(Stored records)

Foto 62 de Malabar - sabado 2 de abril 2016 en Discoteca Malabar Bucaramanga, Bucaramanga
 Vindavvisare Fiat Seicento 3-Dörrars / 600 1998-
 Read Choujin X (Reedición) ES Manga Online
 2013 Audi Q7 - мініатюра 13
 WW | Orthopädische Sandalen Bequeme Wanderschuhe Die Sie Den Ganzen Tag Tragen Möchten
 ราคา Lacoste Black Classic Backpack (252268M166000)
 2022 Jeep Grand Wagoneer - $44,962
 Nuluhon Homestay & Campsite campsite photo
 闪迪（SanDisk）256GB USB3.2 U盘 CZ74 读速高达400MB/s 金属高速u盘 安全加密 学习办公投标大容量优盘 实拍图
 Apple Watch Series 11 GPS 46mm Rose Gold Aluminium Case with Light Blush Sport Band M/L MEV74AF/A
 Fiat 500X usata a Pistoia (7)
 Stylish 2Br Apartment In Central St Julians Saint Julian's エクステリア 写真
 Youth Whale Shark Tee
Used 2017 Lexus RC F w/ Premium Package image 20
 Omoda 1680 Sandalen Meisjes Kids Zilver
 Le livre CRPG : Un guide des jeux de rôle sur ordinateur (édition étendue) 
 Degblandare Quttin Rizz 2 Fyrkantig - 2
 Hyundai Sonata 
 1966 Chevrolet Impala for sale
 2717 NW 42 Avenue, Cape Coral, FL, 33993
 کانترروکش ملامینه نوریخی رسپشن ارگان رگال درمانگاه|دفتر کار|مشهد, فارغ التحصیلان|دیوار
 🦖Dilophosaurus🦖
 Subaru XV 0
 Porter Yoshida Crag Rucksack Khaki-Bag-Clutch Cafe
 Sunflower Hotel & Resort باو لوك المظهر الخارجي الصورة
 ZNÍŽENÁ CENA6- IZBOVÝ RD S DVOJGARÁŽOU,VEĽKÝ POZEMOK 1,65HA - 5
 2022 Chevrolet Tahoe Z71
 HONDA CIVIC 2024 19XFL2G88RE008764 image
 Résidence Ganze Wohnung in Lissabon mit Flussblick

REQUIRED ACTION | Once you have read the entries, write them all out again exactly.

RESULT OF THE TASK |
Foto 62 de Malabar - sabado 2 de abril 2016 en Discoteca Malabar Bucaramanga, Bucaramanga
 Vindavvisare Fiat Seicento 3-Dörrars / 600 1998-
 Read Choujin X (Reedición) ES Manga Online
 2013 Audi Q7 - мініатюра 13
 WW | Orthopädische Sandalen Bequeme Wanderschuhe Die Sie Den Ganzen Tag Tragen Möchten
 ราคา Lacoste Black Classic Backpack (252268M166000)
 2022 Jeep Grand Wagoneer - $44,962
 Nuluhon Homestay & Campsite campsite photo
 闪迪（SanDisk）256GB USB3.2 U盘 CZ74 读速高达400MB/s 金属高速u盘 安全加密 学习办公投标大容量优盘 实拍图
 Apple Watch Series 11 GPS 46mm Rose Gold Aluminium Case with Light Blush Sport Band M/L MEV74AF/A
 Fiat 500X usata a Pistoia (7)
 Stylish 2Br Apartment In Central St Julians Saint Julian's エクステリア 写真
 Youth Whale Shark Tee
Used 2017 Lexus RC F w/ Premium Package image 20
 Omoda 1680 Sandalen Meisjes Kids Zilver
 Le livre CRPG : Un guide des jeux de rôle sur ordinateur (édition étendue) 
 Degblandare Quttin Rizz 2 Fyrkantig - 2
 Hyundai Sonata 
 1966 Chevrolet Impala for sale
 2717 NW 42 Avenue, Cape Coral, FL, 33993
 کانترروکش ملامینه نوریخی رسپشن ارگان رگال درمانگاه|دفتر کار|مشهد, فارغ التحصیلان|دیوار
 🦖Dilophosaurus🦖
 Subaru XV 0
 Porter Yoshida Crag Rucksack Khaki-Bag-Clutch Cafe
 Sunflower Hotel & Resort باو لوك المظهر الخارجي الصورة
 ZNÍŽENÁ CENA6- IZBOVÝ RD S DVOJGARÁŽOU,VEĽKÝ POZEMOK 1,65HA - 5
 2022 Chevrolet Tahoe Z71
 HONDA CIVIC 2024 19XFL2G88RE008764 image
 Résidence Ganze Wohnung in Lissabon mit Flussblick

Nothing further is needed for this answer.